Over 50, Female and Jobless - wallflower
http://www.nytimes.com/2016/01/02/business/economy/over-50-female-and-jobless-even-as-others-return-to-work.html
======
paulojreis
I always had the struggles of the _slightly_ older job seekers close to my
heart. It's just something that employment policy doesn't address adequately.

My father is in that situation - which is why, obviously, I feel it so close.
He's slightly above 50, with qualifications (B.Sc. in Chemical Engineering)
and a lot of experience. However, he has been jobless since his last company
closed, 6 years ago.

It's really a perfect shitstorm for people in his situation. He has a lot of
experience, but in the manufacturing industry which, as we know, is being
dislocated elsewhere (we live in Portugal). There's the competition of younger
graduates, which are also unemployed. Of course, he's too young to retire.
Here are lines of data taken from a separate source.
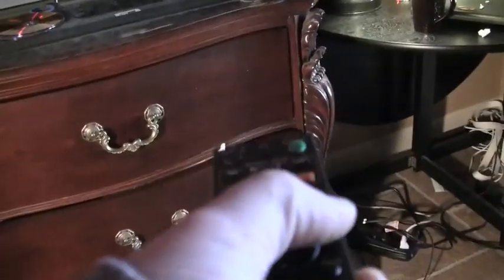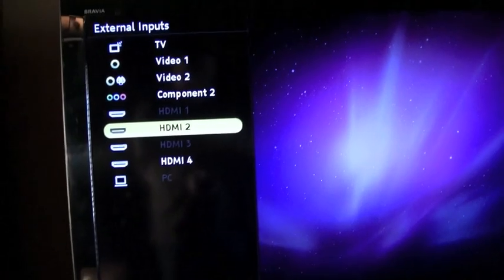You just hit the input button until it goes to the HDMI, and then it's up there.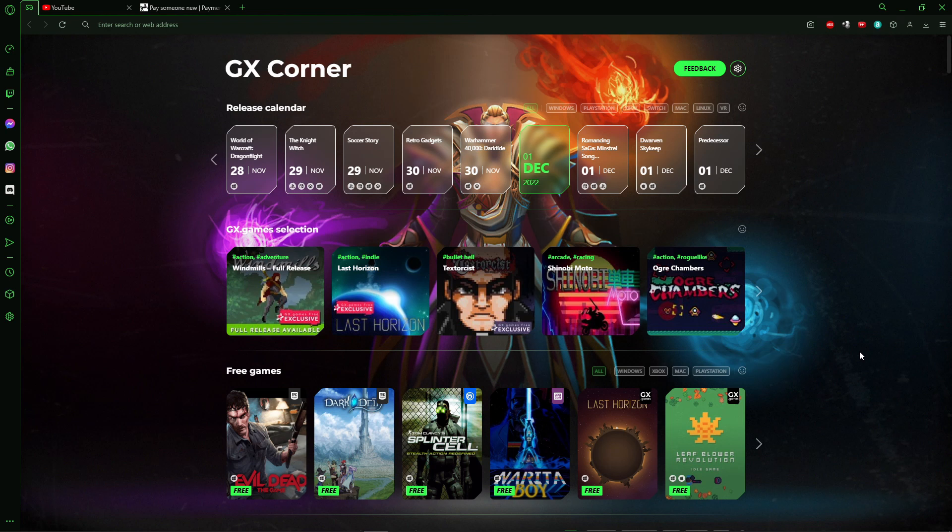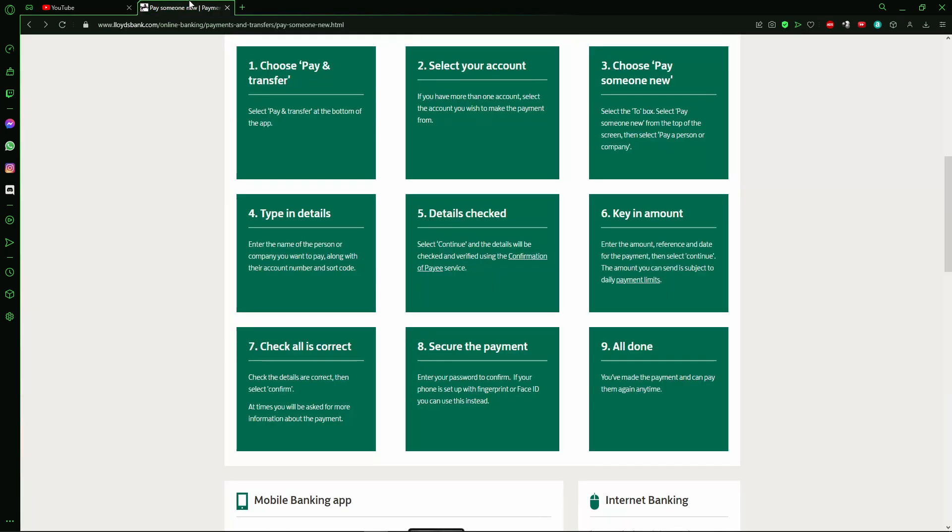And it's important to say that this works for any device you have, so don't worry about that. Right here, I found on the official site of Lloyds Bank a little tutorial that will help you to do that transfer, and it's simple.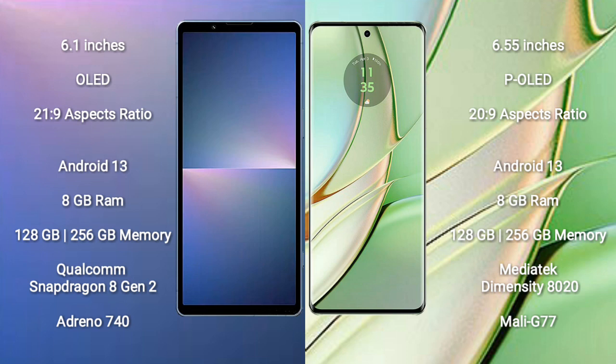Sony Xperia 5 Mark 5 comes with 8GB RAM, 128GB or 256GB internal storage, Qualcomm Snapdragon 8 Gen 2 processor, and Adreno 740 GPU.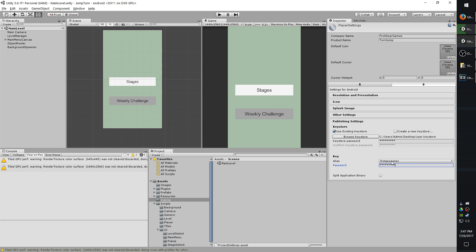Now, the key store is extremely important. Do not lose your key store. Make multiple backups of it. If you ever lose your key store, you cannot push any more updates to that app. So absolutely do not lose it.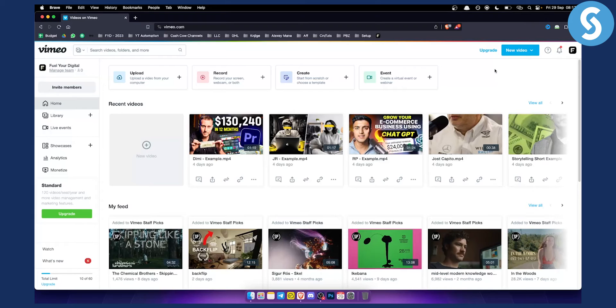If you're using Vimeo or if you want to see more tutorials on Vimeo, we are uploading five different tutorials every single day, so you can check out our channel for more.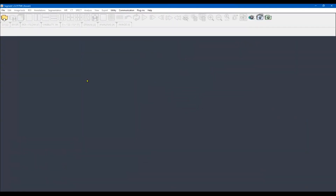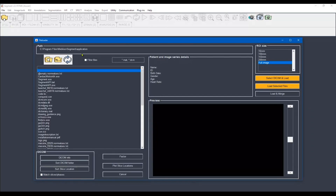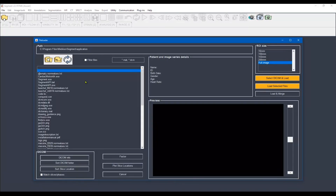This is the interface of the software. It's very easy and user-friendly. We are not going to talk about it right now, so I will go directly to Open Folder to select my CMR DICOM files.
And
he's been unemployed long enough, so state benefits expired; the last resort
state benefit - for poverty, really - doesn't apply because my parents have a
house (so, he'd have to sell the house to get the state benefit).

Luckily he has some money set aside, but - again - this is Portugal. You can
save some money with our wages, but not nearly enough to support such a
tremendous amount of time unemployed. And, well, luckily I'm employed but the
same reasoning applies: I'm able (and happy) to help, but I don't make nearly
enough to be able to do so and still save for a rainy day.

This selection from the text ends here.